### TASK ITEM
Search the records for lines with the word "Thank" and copy each match.

++++ DATA FOR THIS EXERCISE

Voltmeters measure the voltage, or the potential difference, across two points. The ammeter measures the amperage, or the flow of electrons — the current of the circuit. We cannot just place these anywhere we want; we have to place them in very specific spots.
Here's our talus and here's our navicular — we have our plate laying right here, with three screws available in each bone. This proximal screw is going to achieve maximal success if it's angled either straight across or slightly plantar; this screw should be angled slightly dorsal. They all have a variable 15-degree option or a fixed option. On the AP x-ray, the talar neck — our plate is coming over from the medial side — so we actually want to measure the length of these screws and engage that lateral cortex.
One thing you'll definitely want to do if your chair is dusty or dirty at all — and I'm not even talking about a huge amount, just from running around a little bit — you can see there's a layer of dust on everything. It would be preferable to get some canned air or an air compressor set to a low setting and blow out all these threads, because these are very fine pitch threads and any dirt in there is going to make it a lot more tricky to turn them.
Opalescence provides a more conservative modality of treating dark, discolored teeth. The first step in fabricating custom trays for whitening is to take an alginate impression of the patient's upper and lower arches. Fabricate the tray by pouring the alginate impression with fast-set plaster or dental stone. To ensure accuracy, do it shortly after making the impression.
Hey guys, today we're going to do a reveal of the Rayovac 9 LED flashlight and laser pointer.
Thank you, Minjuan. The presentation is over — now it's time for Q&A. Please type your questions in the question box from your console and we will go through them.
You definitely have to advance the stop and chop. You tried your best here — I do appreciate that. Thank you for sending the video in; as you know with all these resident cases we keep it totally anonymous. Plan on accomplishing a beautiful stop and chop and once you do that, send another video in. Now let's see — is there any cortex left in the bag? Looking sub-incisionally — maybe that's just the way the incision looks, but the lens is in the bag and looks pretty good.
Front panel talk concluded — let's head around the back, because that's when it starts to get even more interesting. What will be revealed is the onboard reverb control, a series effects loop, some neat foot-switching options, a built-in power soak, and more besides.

++++++++

### EXERCISE ANSWER
Thank you, Minjuan. The presentation is over — now it's time for Q&A. Please type your questions in the question box from your console and we will go through them.
You definitely have to advance the stop and chop. You tried your best here — I do appreciate that. Thank you for sending the video in; as you know with all these resident cases we keep it totally anonymous. Plan on accomplishing a beautiful stop and chop and once you do that, send another video in. Now let's see — is there any cortex left in the bag? Looking sub-incisionally — maybe that's just the way the incision looks, but the lens is in the bag and looks pretty good.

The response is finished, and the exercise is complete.